Les archéologues pensent que les hommes ont été tués au cours d'une bataille entre 700 et 750, soit avant le début "officiel" de l'Âge Viking. C'était alors l'Âge de Vendel, une période de transition qui n'était pas réputée jusqu'alors pour des voyages de grande envergure - ni même pour la navigation à voile.

 En résumé

Salme I

10 à 11,5 mètres de long x 2 mètres de large - 12 rames

  • 7 squelettes (hommes âgés de 18 à 45 ans)
  • 2 fers de lance
  • Plusieurs morceaux d'épées
  • 1 hache à douille
  • 18 couteaux
  • 6 pointes de flèche
  • 1 peigne en os
  • 2 dés
  • 8 pierres à aiguiser
  • 275 rivets

 

Salme II

17 mètres de long x 3,50 mètres de large

  • 34 squelettes empilés sur 4 couches
  • 2 chiens et 1 faucon
  • 40 morceaux d'épées de différentes sortes
  • 14 boucliers
  • 91 pointes de flèche
  • 15 peignes en os et en corne
  • 251 pièces de jeu en os de baleine et en bois
  • 7 dés
  • Des morceaux de tissu pouvant correspondre aux vestiges d'une voile
  • Plus de 1200 rivets

Un premier bateau en 2008

En 2008, des ouvriers qui creusaient des tranchées dans la petite ville insulaire de Salme pour passer des câbles électriques, ont découvert des ossements humains et un ensemble d'objets aussi diverses qu'étranges qu'ils ont entassés, sans plus de cérémonie, sur le côté de leur ouvrage. Les autorités locales ont d'abord supposé que les restes appartenaient à un infortuné soldat de la Seconde Guerre mondiale, jusqu'à ce que l'archéologue Marge Konsa arrive sur place et reconnaisse, parmi les artefacts, un fer de lance et des pièces de jeu en os sculptées. Des indices évidents montrant qu''il était question d'une période bien plus ancienne.  

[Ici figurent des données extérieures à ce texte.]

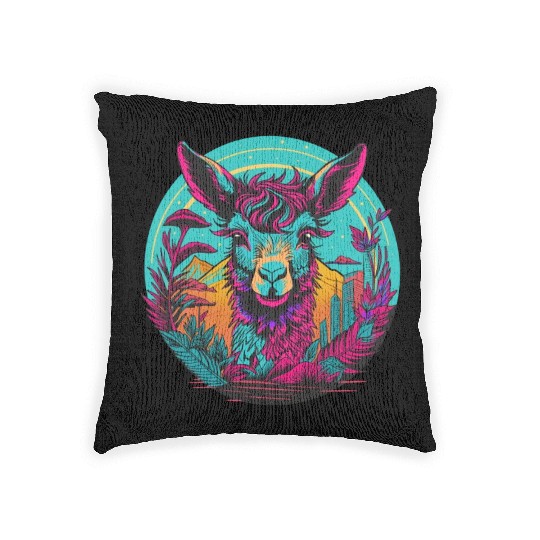 Neon Llama Woven Pillows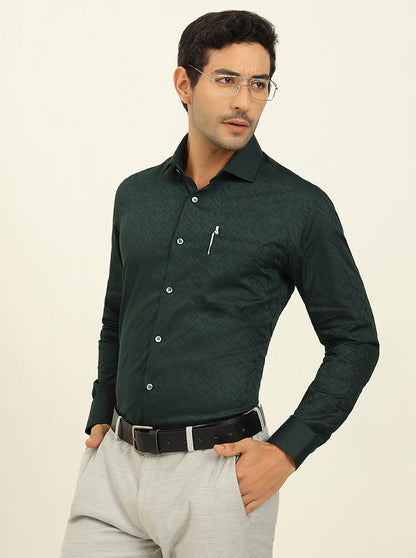 Dark Green Solid Slim Fit Formal Shirt | Metal
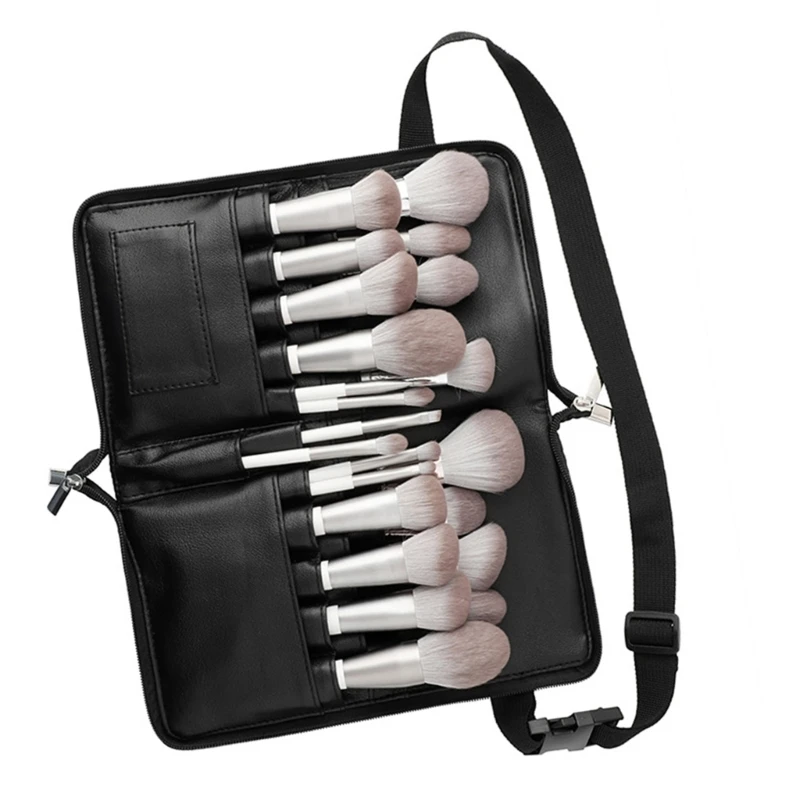 Multifunctional Brush Case Tool Bag Portable PU Storage Bag Single Side Waist Pack for Makeup Item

Avec une petite équipe, Konsa commença les recherches et trouva rapidement les traces laissées par la coque d'un bateau. Presque tout le bois du vaisseau avait pourri, ne laissant qu'une empreinte plus sombre dans le sol. Mais 275 des rivets en fer servant à tenir ensemble les planches à clin étaient restés en place, permettant aux chercheurs de reconstituer les contours d'un bateau long de 11,5 mètres et large de 2 mètres.

Une découverte exceptionnelle à la fois quant au lieu et quant à la période historique: "Ce n'est pas un bateau de pêche, c'est un bateau de guerre", a indiqué Konsa. D'après la datation au radiocarbone de minuscules fragments de bois, l'archéologue a estimé que le navire remontait à une période comprise entre 650 et 700, et qu'il avait fait l'objet de maintes réparations au cours de nombreuses décénies avant d'entamer son dernier voyage. Il n'avait pas de voile et devait donc être propulsé par des rames, au nombre de 12, sur de courtes distances le long de la côte baltique, ou entre les îles pour faire le voyage de la Scandinavie vers les territoires de pêche plus à l'Est.

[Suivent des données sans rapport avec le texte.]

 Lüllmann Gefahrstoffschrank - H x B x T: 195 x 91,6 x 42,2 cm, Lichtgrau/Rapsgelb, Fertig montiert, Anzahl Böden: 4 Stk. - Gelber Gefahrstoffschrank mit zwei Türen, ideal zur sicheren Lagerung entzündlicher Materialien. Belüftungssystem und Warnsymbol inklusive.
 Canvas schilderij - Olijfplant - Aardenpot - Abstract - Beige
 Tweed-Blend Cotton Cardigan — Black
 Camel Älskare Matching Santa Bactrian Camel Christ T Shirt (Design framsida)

À partir des ossements retrouvés à l'intérieur du bateau, Konsa fut en mesure de reconstituer les squelettes de 7 hommes, tous âgés de 18 à 45 ans. Elle mit également au jour des couteaux, des pierres à aiguiser et un peigne en os.

 

En 2010, "Salme 2" ou le premier navire viking de l'Histoire

Estonie - Le plus grand des deux bateaux tombes découvert à Salme - Photo: Liina Maldre, Université de TallinnDeux ans plus tard, Jüri Peets, un archéologue de l'Université de Tallinn, découvrit les vestiges d'un autre navire, beaucoup plus grand et, technologiquement, plus sophistiqué, à seulement une trentaine de mètres du premier bateau. Les ouvriers du chantier baptisèrent le navire Salme 2 - l'autre bateau, plus petit, devenant par conséquent Salme 1.

Si l'expansion des Vikings, de la Nouvelle-Écosse à Constantinople, fut rendue possible par leur maîtrise de la navigation, et en particulier l'équipement d'une voile, d'un point de vue archéologique il existe peu d'indices de l'existence de voilier avant environ 820, date à laquelle Oseberg fut construit. Découvert en 1904, le navire d'Oseberg fut utilisé pour l'enterrement d'une femme viking de haut rang en Norvège.

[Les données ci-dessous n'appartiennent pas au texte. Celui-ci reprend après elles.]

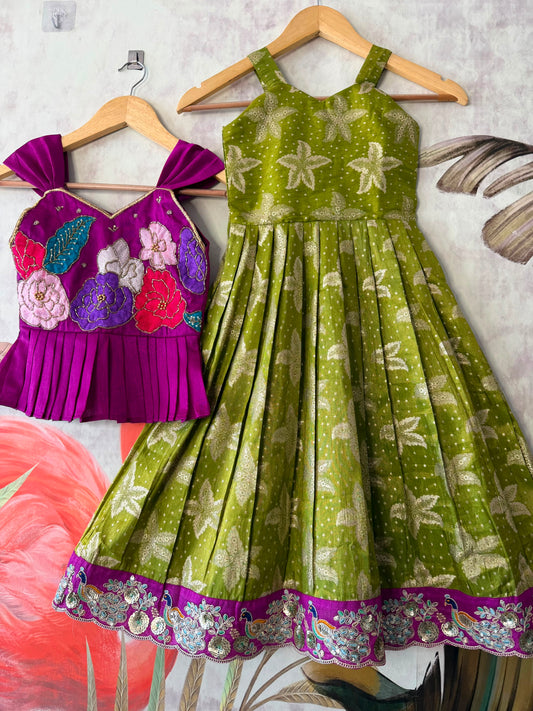Floral cute Gown with Maggam Work Coat❤️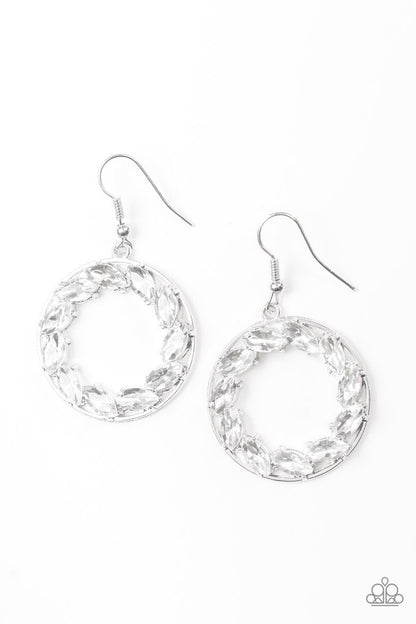 Paparazzi Global Glow - White Earrings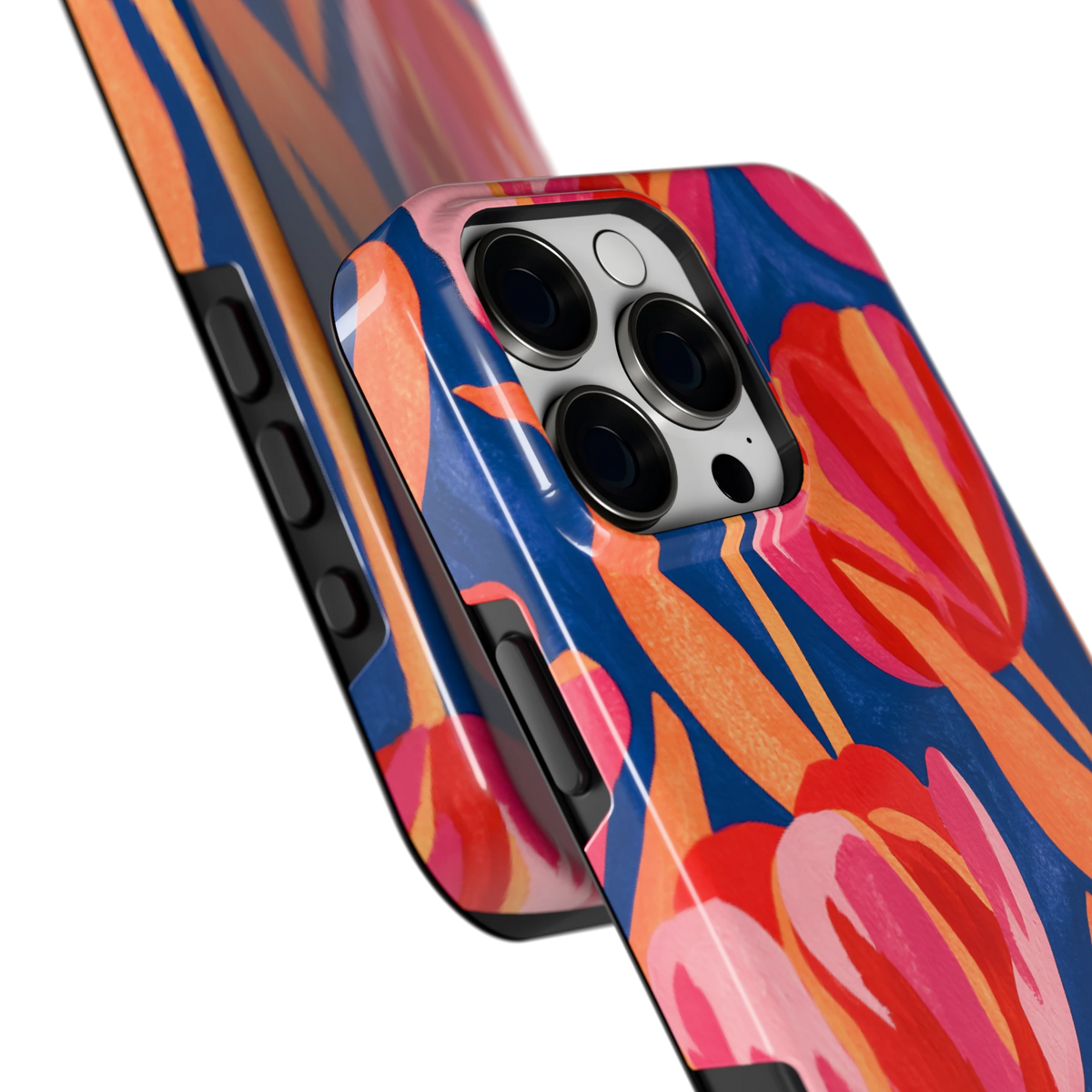 Geschilderde tulpen hoesje voor iPhone 16 Pro Max, close-up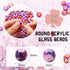 100pcs 6MM Acrylic Beads for Jewelry Making, GACUYI Smooth Beads Bulk Loose Glass Beads in Patterns for Adults Earring Bracelet Necklace Making an...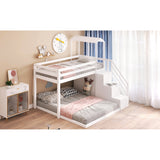Twin Over Full House Roof Bunk Bed with Staircase, Stairway Bedrfame with Shelves & Moveable Down-Bed & Safety Guardrails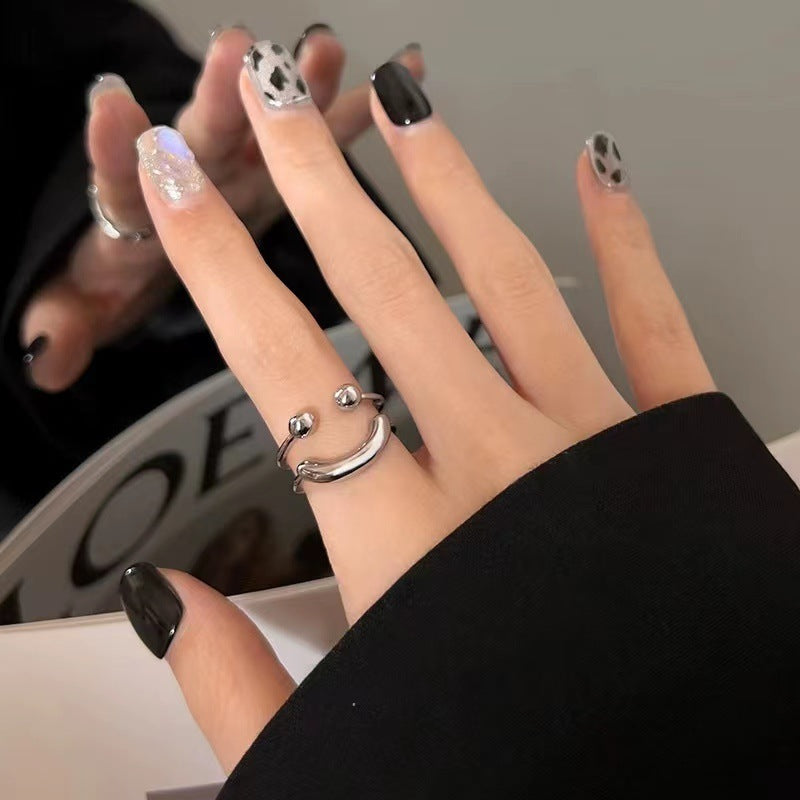 Fashion Jewelry Simple Opening Ring Smiley Face Open Rings For Women Girls Cute Happy Face Adjustable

Le site de Salme vient bousculer tout cela, en apportant les premières preuves d'une navigation en mer Baltique près d'un siècle plus tôt, voire plus. Bien que là aussi, la majorité du bois ait disparu, en mesurant la position de plus de 1 200 clous et rivets et en examinant attentivement la décomposition du bois dans le sol, Peets put déterminer d'après la quille que Salme 2 mesurait environ 17 mètres de long et 3,50 mètres de large. L'amas de fer et de bois au centre du bateau ainsi que la découverte de morceaux de tissu indiquent, selon toute vraissemblance pour l'archéologue, la présence d'un mât et d'une voile.

 

Plusieurs décennies avant l'Âge Viking

Salme 2 serait donc le plus ancien voilier de la Baltique. Et d'autres chercheurs sont enclins à penser la même chose que Peets. "J'aurais tendance à penser que le grand navire de Salme serait le batiment idéal où trouver le premier exemple d'une voile avant l'Âge Viking", a expliqué Jan Bill, archéologue et spécialiste des navires vikings à l'université d'Oslo avant d'ajouter: "C'est une taille de navire pour laquelle une voile prendrait tout son sens". 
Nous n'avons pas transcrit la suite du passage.